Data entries
------------------------------------------------

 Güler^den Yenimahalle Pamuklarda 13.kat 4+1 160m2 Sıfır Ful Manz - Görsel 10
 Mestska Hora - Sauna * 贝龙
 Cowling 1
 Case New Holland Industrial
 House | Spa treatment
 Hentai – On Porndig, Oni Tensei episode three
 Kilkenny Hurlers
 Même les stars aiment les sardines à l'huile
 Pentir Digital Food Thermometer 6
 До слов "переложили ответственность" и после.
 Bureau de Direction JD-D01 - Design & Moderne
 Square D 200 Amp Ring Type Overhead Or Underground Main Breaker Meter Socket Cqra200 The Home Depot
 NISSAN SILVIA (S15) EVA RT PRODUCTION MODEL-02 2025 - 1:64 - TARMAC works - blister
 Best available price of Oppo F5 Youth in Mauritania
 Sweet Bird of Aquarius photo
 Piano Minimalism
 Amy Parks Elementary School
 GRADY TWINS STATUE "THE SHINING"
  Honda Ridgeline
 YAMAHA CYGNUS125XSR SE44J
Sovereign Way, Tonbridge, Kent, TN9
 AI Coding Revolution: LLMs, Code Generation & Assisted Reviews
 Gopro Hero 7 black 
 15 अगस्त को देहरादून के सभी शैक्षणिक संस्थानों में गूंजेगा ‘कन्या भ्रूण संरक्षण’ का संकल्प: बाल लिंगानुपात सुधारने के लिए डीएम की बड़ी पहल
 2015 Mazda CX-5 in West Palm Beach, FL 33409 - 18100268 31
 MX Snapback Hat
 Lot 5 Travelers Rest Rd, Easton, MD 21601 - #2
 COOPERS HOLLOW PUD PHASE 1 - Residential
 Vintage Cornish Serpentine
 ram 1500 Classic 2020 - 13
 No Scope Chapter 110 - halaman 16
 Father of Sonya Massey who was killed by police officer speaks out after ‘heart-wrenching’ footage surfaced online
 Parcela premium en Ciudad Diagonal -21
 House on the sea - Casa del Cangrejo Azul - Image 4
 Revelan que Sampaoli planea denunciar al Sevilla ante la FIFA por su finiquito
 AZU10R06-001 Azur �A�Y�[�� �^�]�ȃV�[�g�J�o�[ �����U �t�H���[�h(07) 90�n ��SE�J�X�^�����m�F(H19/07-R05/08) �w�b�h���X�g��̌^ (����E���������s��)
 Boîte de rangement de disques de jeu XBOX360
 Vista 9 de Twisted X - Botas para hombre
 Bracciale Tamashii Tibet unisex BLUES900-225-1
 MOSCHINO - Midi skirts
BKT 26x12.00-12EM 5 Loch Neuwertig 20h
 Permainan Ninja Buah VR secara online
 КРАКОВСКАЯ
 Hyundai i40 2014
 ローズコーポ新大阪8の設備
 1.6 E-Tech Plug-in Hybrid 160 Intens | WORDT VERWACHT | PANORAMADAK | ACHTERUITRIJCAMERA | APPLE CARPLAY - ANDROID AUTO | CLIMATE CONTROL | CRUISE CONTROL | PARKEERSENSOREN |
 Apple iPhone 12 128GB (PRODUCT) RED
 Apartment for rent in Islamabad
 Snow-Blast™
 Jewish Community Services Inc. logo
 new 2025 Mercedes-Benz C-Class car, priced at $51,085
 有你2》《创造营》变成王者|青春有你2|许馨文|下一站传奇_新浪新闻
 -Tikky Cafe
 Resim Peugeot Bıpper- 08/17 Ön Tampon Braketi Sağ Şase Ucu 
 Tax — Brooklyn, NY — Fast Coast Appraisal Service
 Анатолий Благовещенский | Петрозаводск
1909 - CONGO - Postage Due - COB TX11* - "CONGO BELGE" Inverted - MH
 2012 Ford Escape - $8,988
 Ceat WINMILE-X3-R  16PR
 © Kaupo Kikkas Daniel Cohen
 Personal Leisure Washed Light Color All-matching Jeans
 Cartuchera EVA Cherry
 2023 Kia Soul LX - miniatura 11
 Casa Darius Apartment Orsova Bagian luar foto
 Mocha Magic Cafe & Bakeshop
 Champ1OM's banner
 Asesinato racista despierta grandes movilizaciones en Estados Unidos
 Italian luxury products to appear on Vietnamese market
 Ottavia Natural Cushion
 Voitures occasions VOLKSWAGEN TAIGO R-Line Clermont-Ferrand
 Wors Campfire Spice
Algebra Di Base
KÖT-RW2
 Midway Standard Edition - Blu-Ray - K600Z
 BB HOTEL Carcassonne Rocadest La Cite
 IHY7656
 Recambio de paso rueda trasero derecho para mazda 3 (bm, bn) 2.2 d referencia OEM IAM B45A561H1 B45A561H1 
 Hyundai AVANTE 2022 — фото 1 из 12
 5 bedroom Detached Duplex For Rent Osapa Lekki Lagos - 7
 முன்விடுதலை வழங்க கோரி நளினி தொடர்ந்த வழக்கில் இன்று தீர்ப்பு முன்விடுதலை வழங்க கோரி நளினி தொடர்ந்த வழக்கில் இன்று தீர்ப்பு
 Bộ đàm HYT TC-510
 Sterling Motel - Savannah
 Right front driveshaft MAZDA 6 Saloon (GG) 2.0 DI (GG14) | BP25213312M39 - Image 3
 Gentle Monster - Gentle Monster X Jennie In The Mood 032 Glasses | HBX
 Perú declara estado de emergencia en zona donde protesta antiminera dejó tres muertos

------------------------------------------------

*TRY IT*
Output every line from the records, exactly as written.

*EXERCISE SOLUTION*
 Güler^den Yenimahalle Pamuklarda 13.kat 4+1 160m2 Sıfır Ful Manz - Görsel 10
 Mestska Hora - Sauna * 贝龙
 Cowling 1
 Case New Holland Industrial
 House | Spa treatment
 Hentai – On Porndig, Oni Tensei episode three
 Kilkenny Hurlers
 Même les stars aiment les sardines à l'huile
 Pentir Digital Food Thermometer 6
 До слов "переложили ответственность" и после.
 Bureau de Direction JD-D01 - Design & Moderne
 Square D 200 Amp Ring Type Overhead Or Underground Main Breaker Meter Socket Cqra200 The Home Depot
 NISSAN SILVIA (S15) EVA RT PRODUCTION MODEL-02 2025 - 1:64 - TARMAC works - blister
 Best available price of Oppo F5 Youth in Mauritania
 Sweet Bird of Aquarius photo
 Piano Minimalism
 Amy Parks Elementary School
 GRADY TWINS STATUE "THE SHINING"
  Honda Ridgeline
 YAMAHA CYGNUS125XSR SE44J
Sovereign Way, Tonbridge, Kent, TN9
 AI Coding Revolution: LLMs, Code Generation & Assisted Reviews
 Gopro Hero 7 black 
 15 अगस्त को देहरादून के सभी शैक्षणिक संस्थानों में गूंजेगा ‘कन्या भ्रूण संरक्षण’ का संकल्प: बाल लिंगानुपात सुधारने के लिए डीएम की बड़ी पहल
 2015 Mazda CX-5 in West Palm Beach, FL 33409 - 18100268 31
 MX Snapback Hat
 Lot 5 Travelers Rest Rd, Easton, MD 21601 - #2
 COOPERS HOLLOW PUD PHASE 1 - Residential
 Vintage Cornish Serpentine
 ram 1500 Classic 2020 - 13
 No Scope Chapter 110 - halaman 16
 Father of Sonya Massey who was killed by police officer speaks out after ‘heart-wrenching’ footage surfaced online
 Parcela premium en Ciudad Diagonal -21
 House on the sea - Casa del Cangrejo Azul - Image 4
 Revelan que Sampaoli planea denunciar al Sevilla ante la FIFA por su finiquito
 AZU10R06-001 Azur �A�Y�[�� �^�]�ȃV�[�g�J�o�[ �����U �t�H���[�h(07) 90�n ��SE�J�X�^�����m�F(H19/07-R05/08) �w�b�h���X�g��̌^ (����E���������s��)
 Boîte de rangement de disques de jeu XBOX360
 Vista 9 de Twisted X - Botas para hombre
 Bracciale Tamashii Tibet unisex BLUES900-225-1
 MOSCHINO - Midi skirts
BKT 26x12.00-12EM 5 Loch Neuwertig 20h
 Permainan Ninja Buah VR secara online
 КРАКОВСКАЯ
 Hyundai i40 2014
 ローズコーポ新大阪8の設備
 1.6 E-Tech Plug-in Hybrid 160 Intens | WORDT VERWACHT | PANORAMADAK | ACHTERUITRIJCAMERA | APPLE CARPLAY - ANDROID AUTO | CLIMATE CONTROL | CRUISE CONTROL | PARKEERSENSOREN |
 Apple iPhone 12 128GB (PRODUCT) RED
 Apartment for rent in Islamabad
 Snow-Blast™
 Jewish Community Services Inc. logo
 new 2025 Mercedes-Benz C-Class car, priced at $51,085
 有你2》《创造营》变成王者|青春有你2|许馨文|下一站传奇_新浪新闻
 -Tikky Cafe
 Resim Peugeot Bıpper- 08/17 Ön Tampon Braketi Sağ Şase Ucu 
 Tax — Brooklyn, NY — Fast Coast Appraisal Service
 Анатолий Благовещенский | Петрозаводск
1909 - CONGO - Postage Due - COB TX11* - "CONGO BELGE" Inverted - MH
 2012 Ford Escape - $8,988
 Ceat WINMILE-X3-R  16PR
 © Kaupo Kikkas Daniel Cohen
 Personal Leisure Washed Light Color All-matching Jeans
 Cartuchera EVA Cherry
 2023 Kia Soul LX - miniatura 11
 Casa Darius Apartment Orsova Bagian luar foto
 Mocha Magic Cafe & Bakeshop
 Champ1OM's banner
 Asesinato racista despierta grandes movilizaciones en Estados Unidos
 Italian luxury products to appear on Vietnamese market
 Ottavia Natural Cushion
 Voitures occasions VOLKSWAGEN TAIGO R-Line Clermont-Ferrand
 Wors Campfire Spice
Algebra Di Base
KÖT-RW2
 Midway Standard Edition - Blu-Ray - K600Z
 BB HOTEL Carcassonne Rocadest La Cite
 IHY7656
 Recambio de paso rueda trasero derecho para mazda 3 (bm, bn) 2.2 d referencia OEM IAM B45A561H1 B45A561H1 
 Hyundai AVANTE 2022 — фото 1 из 12
 5 bedroom Detached Duplex For Rent Osapa Lekki Lagos - 7
 முன்விடுதலை வழங்க கோரி நளினி தொடர்ந்த வழக்கில் இன்று தீர்ப்பு முன்விடுதலை வழங்க கோரி நளினி தொடர்ந்த வழக்கில் இன்று தீர்ப்பு
 Bộ đàm HYT TC-510
 Sterling Motel - Savannah
 Right front driveshaft MAZDA 6 Saloon (GG) 2.0 DI (GG14) | BP25213312M39 - Image 3
 Gentle Monster - Gentle Monster X Jennie In The Mood 032 Glasses | HBX
 Perú declara estado de emergencia en zona donde protesta antiminera dejó tres muertos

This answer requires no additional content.